◆ **INPUT FOR THIS TASK**

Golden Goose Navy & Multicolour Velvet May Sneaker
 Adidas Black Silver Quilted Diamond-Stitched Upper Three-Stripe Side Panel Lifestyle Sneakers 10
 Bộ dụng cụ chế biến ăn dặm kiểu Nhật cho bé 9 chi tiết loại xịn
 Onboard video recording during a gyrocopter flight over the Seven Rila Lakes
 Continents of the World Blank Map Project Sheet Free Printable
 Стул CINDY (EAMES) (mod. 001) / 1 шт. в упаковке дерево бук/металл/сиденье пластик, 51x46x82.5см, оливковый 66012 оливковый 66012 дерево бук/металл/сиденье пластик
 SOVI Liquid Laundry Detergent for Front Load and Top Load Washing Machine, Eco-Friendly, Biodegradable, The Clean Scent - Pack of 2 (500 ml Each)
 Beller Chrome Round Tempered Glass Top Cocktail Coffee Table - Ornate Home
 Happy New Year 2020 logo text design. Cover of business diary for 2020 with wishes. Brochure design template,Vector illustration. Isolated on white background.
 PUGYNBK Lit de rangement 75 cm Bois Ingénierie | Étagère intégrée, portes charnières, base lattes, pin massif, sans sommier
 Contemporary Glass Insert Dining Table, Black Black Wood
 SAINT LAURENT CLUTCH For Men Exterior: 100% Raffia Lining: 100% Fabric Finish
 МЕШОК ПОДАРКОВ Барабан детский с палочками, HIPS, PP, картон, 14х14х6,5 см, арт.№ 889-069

◆ **PROBLEM REQUIREMENTS**
Retype exactly the lines from the one containing "Стул CINDY (EAMES)" through the end of the data. Add nothing.

◆ **ANSWER FOR THE TASK**
 Стул CINDY (EAMES) (mod. 001) / 1 шт. в упаковке дерево бук/металл/сиденье пластик, 51x46x82.5см, оливковый 66012 оливковый 66012 дерево бук/металл/сиденье пластик
 SOVI Liquid Laundry Detergent for Front Load and Top Load Washing Machine, Eco-Friendly, Biodegradable, The Clean Scent - Pack of 2 (500 ml Each)
 Beller Chrome Round Tempered Glass Top Cocktail Coffee Table - Ornate Home
 Happy New Year 2020 logo text design. Cover of business diary for 2020 with wishes. Brochure design template,Vector illustration. Isolated on white background.
 PUGYNBK Lit de rangement 75 cm Bois Ingénierie | Étagère intégrée, portes charnières, base lattes, pin massif, sans sommier
 Contemporary Glass Insert Dining Table, Black Black Wood
 SAINT LAURENT CLUTCH For Men Exterior: 100% Raffia Lining: 100% Fabric Finish
 МЕШОК ПОДАРКОВ Барабан детский с палочками, HIPS, PP, картон, 14х14х6,5 см, арт.№ 889-069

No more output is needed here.